Records from a dataset:
....

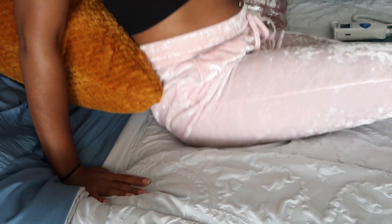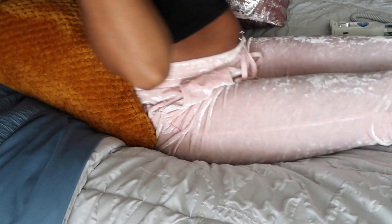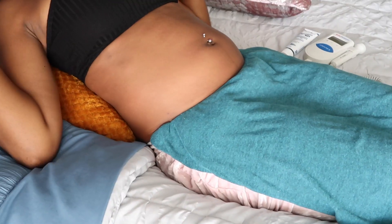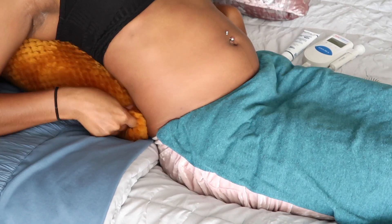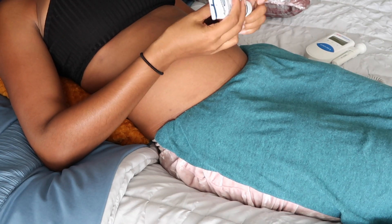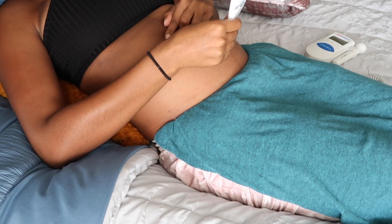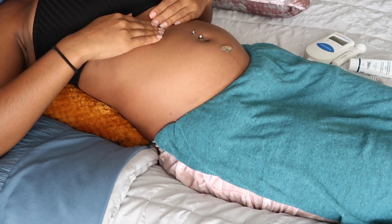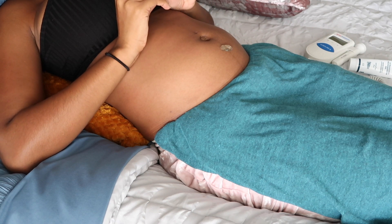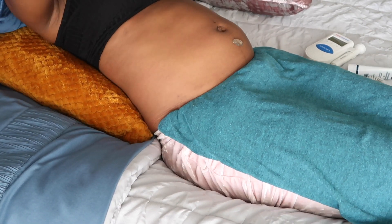First of all, you just want to find a comfortable position — put some pillows behind your back and figure out what feels right for you. Once you're comfortable, take your gel and put it right on your stomach. If you have any belly jewelry, it might be easier to just take it out at this point. I'm not super far along to where my skin is stretching too much, so I'll just take it out for the purpose of this video.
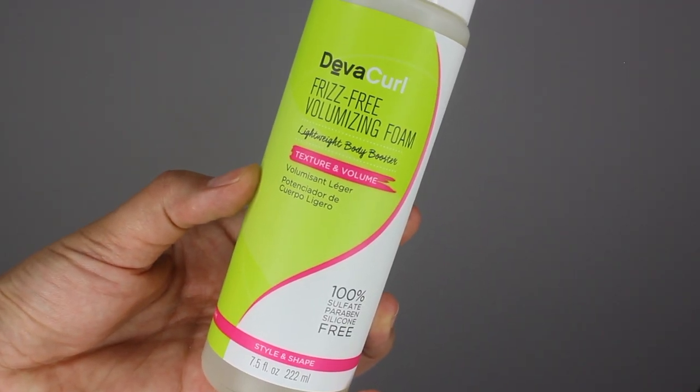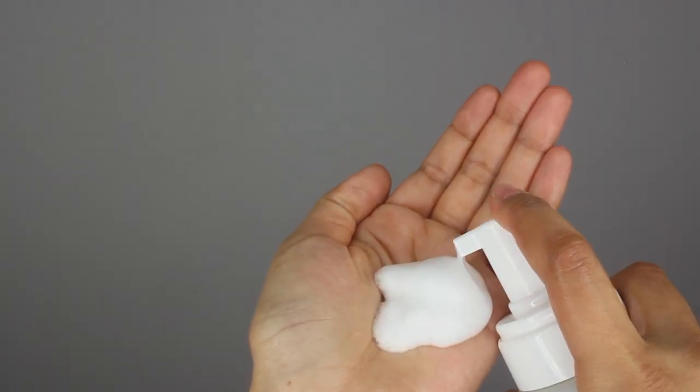Next on the list is the Frizz-Free Volumizing Foam. This is a super lightweight, mousse-style product, and I find it has really light hold. If you're someone with extremely fine curls — even finer than me — you might just love this because it almost feels like you're putting nothing on your hair. I actually used this yesterday in my wash and go. I did the leave-in first along with the Frizz-Free Volumizing Foam, and this is my result on day two. I feel like I like a little bit more hold, but this is really nice for day one — nice and bouncy and shiny. If you want more hold, you might want to add a few spritzes of spray gel or a little bit of gel.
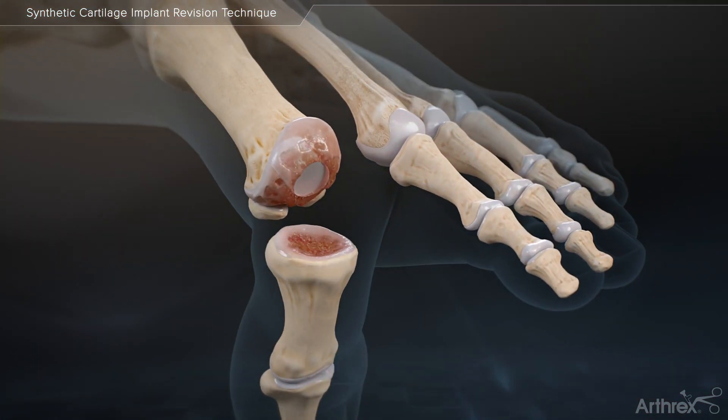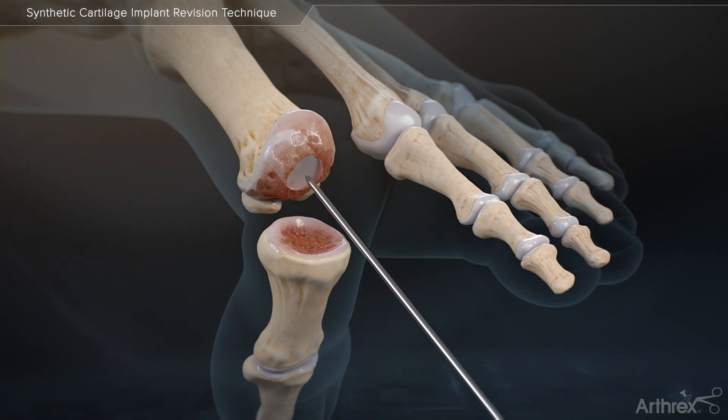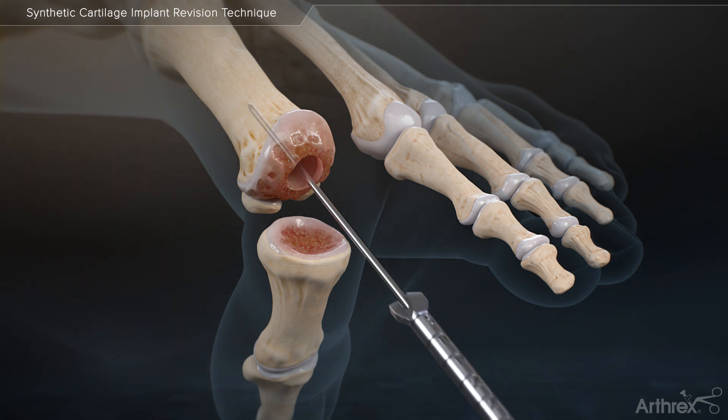Initially, a 1.6 mm guide wire is used to skewer the failed Carteva implant and remove it from the metatarsal head. The same guide wire is placed centrally into the void left from the removed implant, and the appropriately sized reamer is placed over the guide wire to prepare the metatarsal head for the bone dowel.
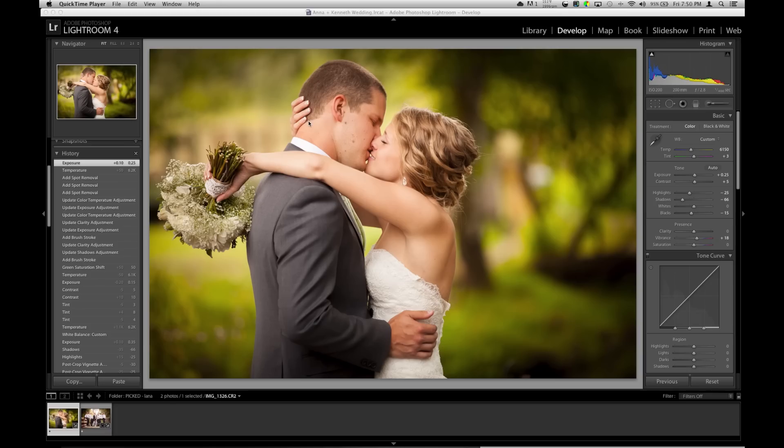A lot of people have been asking me about my workflow after I shoot weddings and portraits, so I thought I'd do a video of editing raw photos in Lightroom 4.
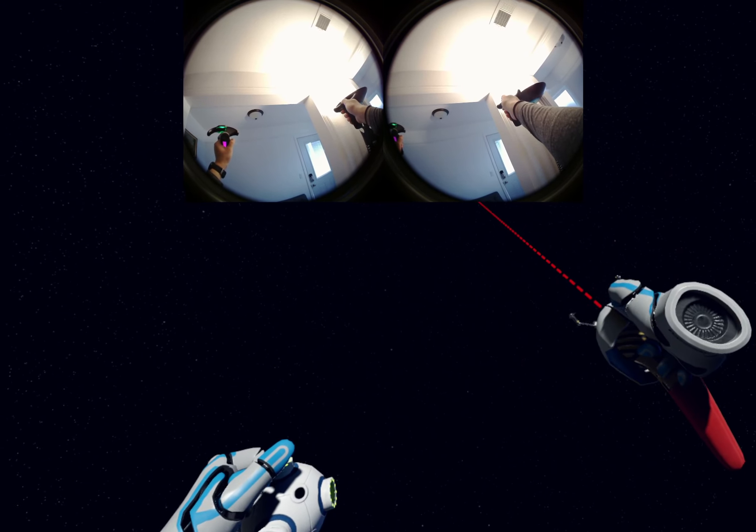I can try and control both cars at the same time. You can see that I'm using my pinch gesture to select items — everything is gesture based.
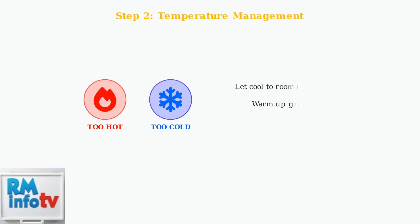Next, address temperature issues. If the battery feels hot, let it cool down to room temperature before attempting to charge. If it's cold, warm it up gradually. The safe charging temperature range is typically 4 to 40 degrees Celsius, or 39 to 104 degrees Fahrenheit.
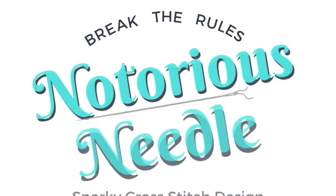In this video, I'm going to show you five different ways of how to deal with a single, isolated, standalone cross stitch. Hi there, I'm Sarah with The Notorious Needle and I'm all about empowering you to break the rules of conventional cross stitch so you can make whatever you want.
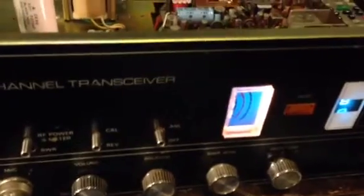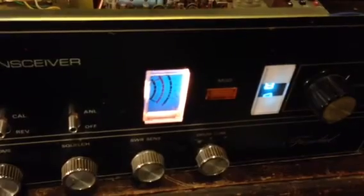Well anyway, SBE Trinidad model 11CB. And you got to hear the voice of my beautiful wife in the background there. Thank you for watching my video and have a great day, YouTubers.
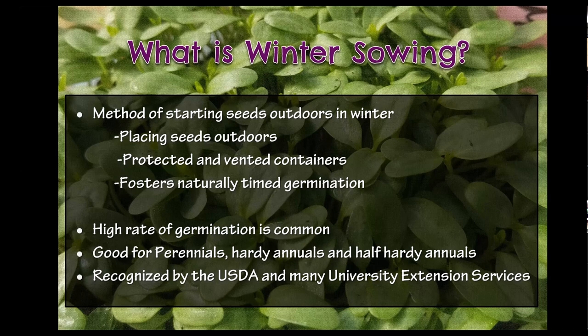So this method involves placing your seeds outdoors in a protected, encapsulated little greenhouse — we don't really like to call it a greenhouse, but it really does act as one. This fosters a naturally timed germination, which is the whole point. The woman who started this method is named Trudy Davidoff. Trudy lives on Long Island in New York and runs the Winter Sowers Facebook page, where I'm a member and a group expert. The Winter Sowers Facebook page is an excellent resource — over 85,000 people have joined from across the world, including Scotland and Australia.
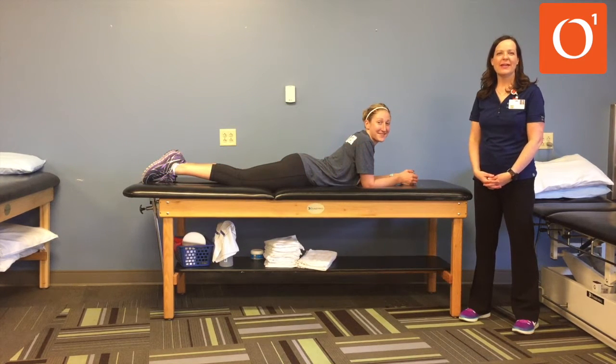Today we're going to show you how to do a plank. It's a good exercise to work on core stability and abdominal strength. It also doesn't put a lot of stress through your lower back.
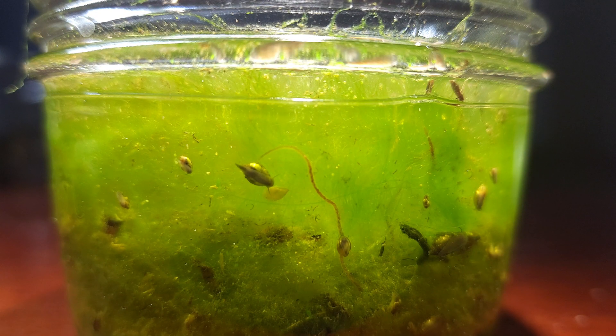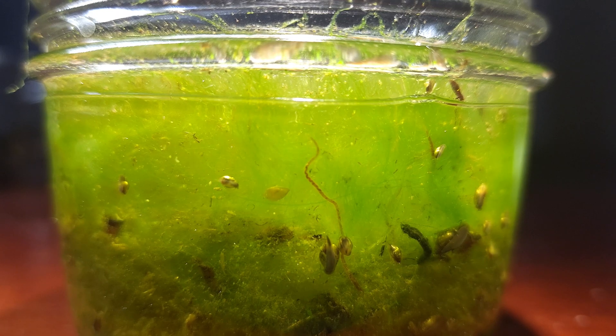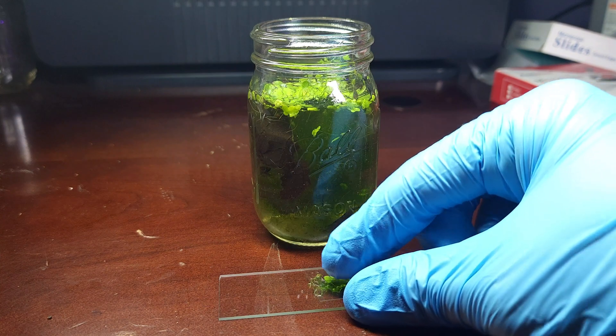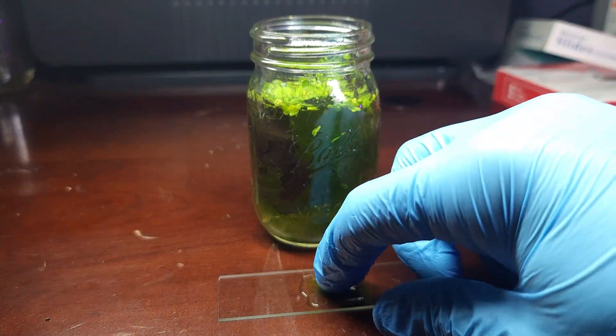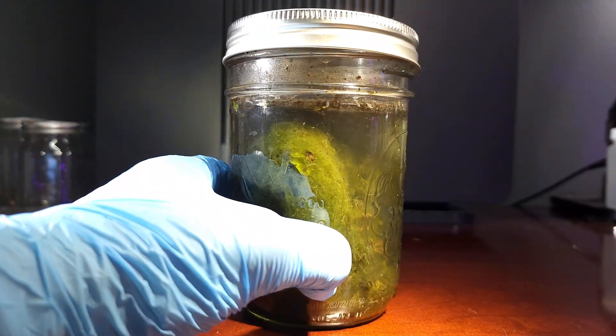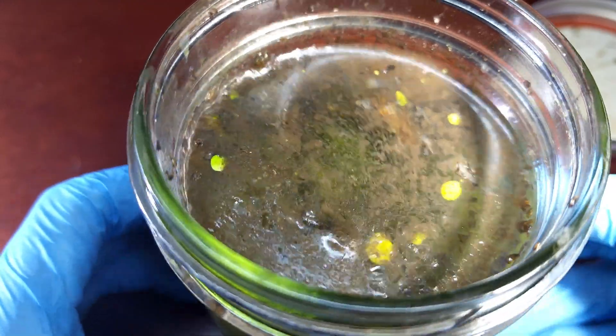Once you have a few different pieces of organic debris, you might start to notice some life even without a microscope. I like to use something like tweezers to place the algae onto the slide since it usually gets stuck up in the pipette and gives me way too big of a sample. Eventually when it starts decaying over a couple days, it will soften up and be a lot easier to grab with a pipette.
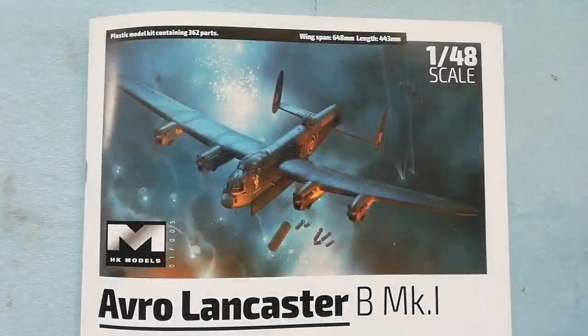Hello and welcome to the build. Today we're going to be putting together Hong Kong Models' brand new 1/48 scale Avro Lancaster Mark 1. This is a brand new tooling for 2021. If you haven't already seen the unboxing review I've done, there are links down below in the description — head across there and check that out to have a look at the sprues and what you get in the box.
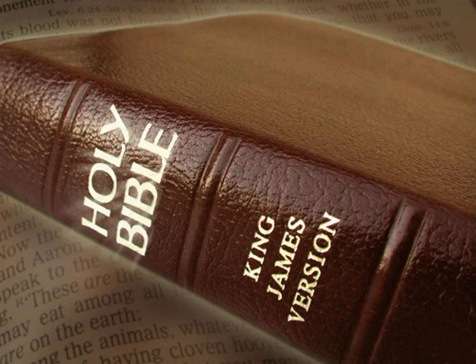And they made the plate of the holy crown of pure gold, and wrote upon it a writing, like to the engravings of a signet: Holiness to the Lord. And they tied unto it a lace of blue, to fasten it on high upon the mitre, as the Lord commanded Moses.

....

## TO DO
Print nothing but the lines above starting with the line that contains "A lot of people" and going on through the line that contains "I can try and". Leave out the pictures.

## RESULT OF THE EXERCISE
A lot of people have been asking me about my workflow after I shoot weddings and portraits, so I thought I'd do a video of editing raw photos in Lightroom 4.
I can try and control both cars at the same time. You can see that I'm using my pinch gesture to select items — everything is gesture based.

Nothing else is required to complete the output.